The title was My Mexico City Kitchen. Not the kind of title to get you in a tizzy but the subtitle, Recipes and Convictions, was appetizing and, hey, when you’re hungry.

The author was Gabriela Cámara. The name rang a bell but it was just a tinkle, not a clang. In went her name to the search engine (including the accent on the a) and, before I even read a word, I recognized an image. That woman in the red apron, that’s the woman who emerged to applause when she ventured out from the kitchen of Contramar. Contramar, one of my most very admired restaurants. I like the look, the food, the buzz, the attitude. Contramar’s kitchen was her Mexico City Kitchen? I hit the download button. Firmly.

Contramar is an unusual restaurant. It attracts an unusual crowd. Men who still wear suit jackets. Women who still wear heels. Three inch heels. It can be almost empty at 2:00 pm. It can be bubbling-over full at 4:00 pm. And shoot-a-cannon-through empty at 8:00 pm. 

Contramar is a seafood restaurant. When it opened back in 1998 it was a very bold seafood restaurant. It was in Colonia Roma, a bit of a shaky hood in those days. It was big, very big, with a lot of seats requiring a lot of tight jeans. It was introducing fish dishes that sounded very Mexican on the menu but you wouldn’t find in any other Mexican restaurant. And it was full. Almost all day, almost every single day.

My Mexico City Kitchen is one of those recipe books that, like most…make that all…recipe books these days, combine ingredients and instructions with the history and personality of the author. But this one is a little different.

There’s the usual growing up in her abuela’s kitchen. The nurturing, by hand, of the tortillas one at a time. The child on tiptoes peering at the bubbling sauce on the stove and inhaling the aroma with her nose held firmly high. But there the usual story ends.
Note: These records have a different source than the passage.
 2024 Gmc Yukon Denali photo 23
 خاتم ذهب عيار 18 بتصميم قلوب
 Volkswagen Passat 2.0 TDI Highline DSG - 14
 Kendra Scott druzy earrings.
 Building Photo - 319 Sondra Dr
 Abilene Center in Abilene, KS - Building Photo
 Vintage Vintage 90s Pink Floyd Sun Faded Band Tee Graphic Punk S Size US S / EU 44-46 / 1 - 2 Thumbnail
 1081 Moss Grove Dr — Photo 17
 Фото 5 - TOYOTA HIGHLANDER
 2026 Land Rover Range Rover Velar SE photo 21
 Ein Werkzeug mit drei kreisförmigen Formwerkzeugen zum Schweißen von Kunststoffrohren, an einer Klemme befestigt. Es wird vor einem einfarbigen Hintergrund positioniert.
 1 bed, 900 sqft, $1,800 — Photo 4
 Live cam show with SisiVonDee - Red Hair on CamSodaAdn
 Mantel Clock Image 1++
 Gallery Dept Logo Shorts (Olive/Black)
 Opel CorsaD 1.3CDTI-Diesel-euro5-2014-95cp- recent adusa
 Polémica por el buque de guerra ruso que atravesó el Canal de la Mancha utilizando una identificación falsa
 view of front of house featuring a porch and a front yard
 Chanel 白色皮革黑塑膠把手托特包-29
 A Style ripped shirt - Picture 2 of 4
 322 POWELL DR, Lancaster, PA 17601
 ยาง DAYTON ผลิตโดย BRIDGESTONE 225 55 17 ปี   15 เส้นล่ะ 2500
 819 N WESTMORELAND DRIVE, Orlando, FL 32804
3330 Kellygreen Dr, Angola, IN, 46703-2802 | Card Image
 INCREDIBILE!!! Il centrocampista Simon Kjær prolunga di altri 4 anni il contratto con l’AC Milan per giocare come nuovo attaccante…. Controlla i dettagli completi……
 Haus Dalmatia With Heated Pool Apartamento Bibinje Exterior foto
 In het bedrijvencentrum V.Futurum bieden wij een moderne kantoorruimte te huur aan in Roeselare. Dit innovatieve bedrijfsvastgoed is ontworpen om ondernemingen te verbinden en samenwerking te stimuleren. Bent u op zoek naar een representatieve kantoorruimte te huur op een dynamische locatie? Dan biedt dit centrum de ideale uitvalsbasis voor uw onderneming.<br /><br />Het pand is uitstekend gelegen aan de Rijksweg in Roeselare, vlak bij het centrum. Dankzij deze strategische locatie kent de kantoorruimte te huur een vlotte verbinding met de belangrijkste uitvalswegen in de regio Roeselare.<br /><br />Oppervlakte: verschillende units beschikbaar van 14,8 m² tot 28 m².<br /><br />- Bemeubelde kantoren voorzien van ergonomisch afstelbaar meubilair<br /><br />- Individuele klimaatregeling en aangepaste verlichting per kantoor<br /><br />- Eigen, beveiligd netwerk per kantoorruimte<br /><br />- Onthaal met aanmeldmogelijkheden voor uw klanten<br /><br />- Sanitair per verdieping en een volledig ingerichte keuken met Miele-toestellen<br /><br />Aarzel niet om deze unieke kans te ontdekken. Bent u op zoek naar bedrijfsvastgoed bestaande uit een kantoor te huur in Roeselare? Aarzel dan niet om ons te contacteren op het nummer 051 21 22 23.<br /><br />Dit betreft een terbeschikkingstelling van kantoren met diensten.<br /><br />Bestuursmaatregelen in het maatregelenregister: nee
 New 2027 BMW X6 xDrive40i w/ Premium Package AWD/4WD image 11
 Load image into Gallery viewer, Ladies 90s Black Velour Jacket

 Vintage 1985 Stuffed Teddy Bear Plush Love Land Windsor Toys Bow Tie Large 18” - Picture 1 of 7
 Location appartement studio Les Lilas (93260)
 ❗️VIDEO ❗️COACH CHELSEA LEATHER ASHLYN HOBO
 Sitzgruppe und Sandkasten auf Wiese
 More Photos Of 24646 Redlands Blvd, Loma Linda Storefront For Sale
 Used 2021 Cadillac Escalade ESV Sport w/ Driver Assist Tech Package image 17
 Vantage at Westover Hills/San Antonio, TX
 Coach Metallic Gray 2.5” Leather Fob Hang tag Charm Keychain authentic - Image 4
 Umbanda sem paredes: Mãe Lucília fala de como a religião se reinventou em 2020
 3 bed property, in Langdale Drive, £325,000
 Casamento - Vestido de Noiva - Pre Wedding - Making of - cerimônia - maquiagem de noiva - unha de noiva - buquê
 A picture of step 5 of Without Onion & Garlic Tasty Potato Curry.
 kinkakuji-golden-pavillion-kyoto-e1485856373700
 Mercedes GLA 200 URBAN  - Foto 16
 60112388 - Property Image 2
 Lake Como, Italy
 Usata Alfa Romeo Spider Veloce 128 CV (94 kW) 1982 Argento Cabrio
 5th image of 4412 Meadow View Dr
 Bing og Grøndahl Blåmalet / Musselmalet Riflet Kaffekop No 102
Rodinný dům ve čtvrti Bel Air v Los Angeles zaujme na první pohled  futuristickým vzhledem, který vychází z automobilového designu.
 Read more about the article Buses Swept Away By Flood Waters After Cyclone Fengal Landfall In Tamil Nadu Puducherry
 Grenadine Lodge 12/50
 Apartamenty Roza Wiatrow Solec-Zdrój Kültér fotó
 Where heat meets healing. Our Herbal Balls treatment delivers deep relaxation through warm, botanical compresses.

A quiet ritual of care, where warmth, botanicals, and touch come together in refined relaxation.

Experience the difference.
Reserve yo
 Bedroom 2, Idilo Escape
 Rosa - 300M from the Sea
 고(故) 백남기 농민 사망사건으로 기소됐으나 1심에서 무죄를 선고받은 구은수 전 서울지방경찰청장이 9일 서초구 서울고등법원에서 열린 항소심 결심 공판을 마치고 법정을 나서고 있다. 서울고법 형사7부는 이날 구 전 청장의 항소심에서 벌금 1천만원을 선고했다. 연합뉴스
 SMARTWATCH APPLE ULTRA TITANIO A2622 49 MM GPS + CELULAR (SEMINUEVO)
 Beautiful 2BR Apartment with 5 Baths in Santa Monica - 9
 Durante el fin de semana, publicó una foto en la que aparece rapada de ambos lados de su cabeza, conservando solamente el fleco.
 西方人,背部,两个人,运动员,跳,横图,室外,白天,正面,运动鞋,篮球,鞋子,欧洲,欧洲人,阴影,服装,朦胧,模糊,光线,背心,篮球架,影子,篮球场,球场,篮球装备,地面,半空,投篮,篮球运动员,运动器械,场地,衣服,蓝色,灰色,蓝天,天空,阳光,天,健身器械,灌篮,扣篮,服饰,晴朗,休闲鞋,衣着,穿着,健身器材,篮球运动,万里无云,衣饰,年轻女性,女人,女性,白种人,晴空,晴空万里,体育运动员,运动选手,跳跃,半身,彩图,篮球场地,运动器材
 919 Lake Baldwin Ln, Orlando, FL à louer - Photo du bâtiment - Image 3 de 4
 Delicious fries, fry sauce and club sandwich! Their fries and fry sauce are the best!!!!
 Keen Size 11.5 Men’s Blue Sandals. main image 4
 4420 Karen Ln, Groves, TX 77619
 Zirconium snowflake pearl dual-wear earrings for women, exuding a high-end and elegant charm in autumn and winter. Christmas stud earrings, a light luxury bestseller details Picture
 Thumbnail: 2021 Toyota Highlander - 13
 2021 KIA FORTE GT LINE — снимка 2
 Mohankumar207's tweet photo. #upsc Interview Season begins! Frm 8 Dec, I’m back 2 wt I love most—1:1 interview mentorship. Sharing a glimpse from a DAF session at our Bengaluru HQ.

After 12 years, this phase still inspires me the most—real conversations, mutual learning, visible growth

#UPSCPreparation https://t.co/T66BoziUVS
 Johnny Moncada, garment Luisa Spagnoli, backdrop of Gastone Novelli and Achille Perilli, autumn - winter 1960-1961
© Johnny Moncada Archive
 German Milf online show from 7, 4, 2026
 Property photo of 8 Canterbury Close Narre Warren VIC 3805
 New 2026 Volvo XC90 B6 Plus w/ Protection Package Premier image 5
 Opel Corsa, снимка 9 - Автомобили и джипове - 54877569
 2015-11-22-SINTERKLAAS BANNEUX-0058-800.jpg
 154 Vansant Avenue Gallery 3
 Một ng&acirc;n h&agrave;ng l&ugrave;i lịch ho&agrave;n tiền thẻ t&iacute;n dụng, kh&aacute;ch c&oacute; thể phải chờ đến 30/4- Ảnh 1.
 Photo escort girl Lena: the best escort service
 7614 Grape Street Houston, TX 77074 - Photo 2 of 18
Gabriela Cámara never went to culinary school. Gabriela never took a hefty chunk off her forefinger chopping Vidalias with a stupidly-priced Japanese knife. Gabriela never spent 14 hour shifts in a 90 degree kitchen. Gabriela never spilled boiling water over her feet testing if the pasta was al dente. Gabriela was never cursed by an egomaniacal head chef. Gabriela never had launched a single new business in her life.

And then, Gabriela Cámara opened Contramar. And, though I wouldn’t say she revolutionized Mexican cuisine, she is certainly one of the 21st Century’s major Mexican influencers.

“This cookbook doesn’t represent all of Mexican food which is a vast cuisine. There are already encyclopedia-length cookbooks for those who want to tour the country gastronomically, trying 10 different kinds of mole, for instance, and noting the regional distinctions. I deeply respect that knowledge, but this book isn’t about that. What I want is to show you how we cook and eat in Mexico City or more specifically how I cook and eat in Mexico City.”

My Mexico City Kitchen is an easy book to like because it’s practical. It’s not the kind of food book that you’d leave on a coffee table. It’s the book you’d find on the shelf closest to the stove. Leaning spine to spine against Rick Bayless’ and Diana Kennedy’s books. The recipes are ones that I can nudge/nudge, wink/wink suggest to my wife and there they are on the table a couple of days later. 

There’s not a mention of foam or dry ice. No seaweed or spirulina or skyr. And it’s as if sous vide cooking hadn’t yet been invented.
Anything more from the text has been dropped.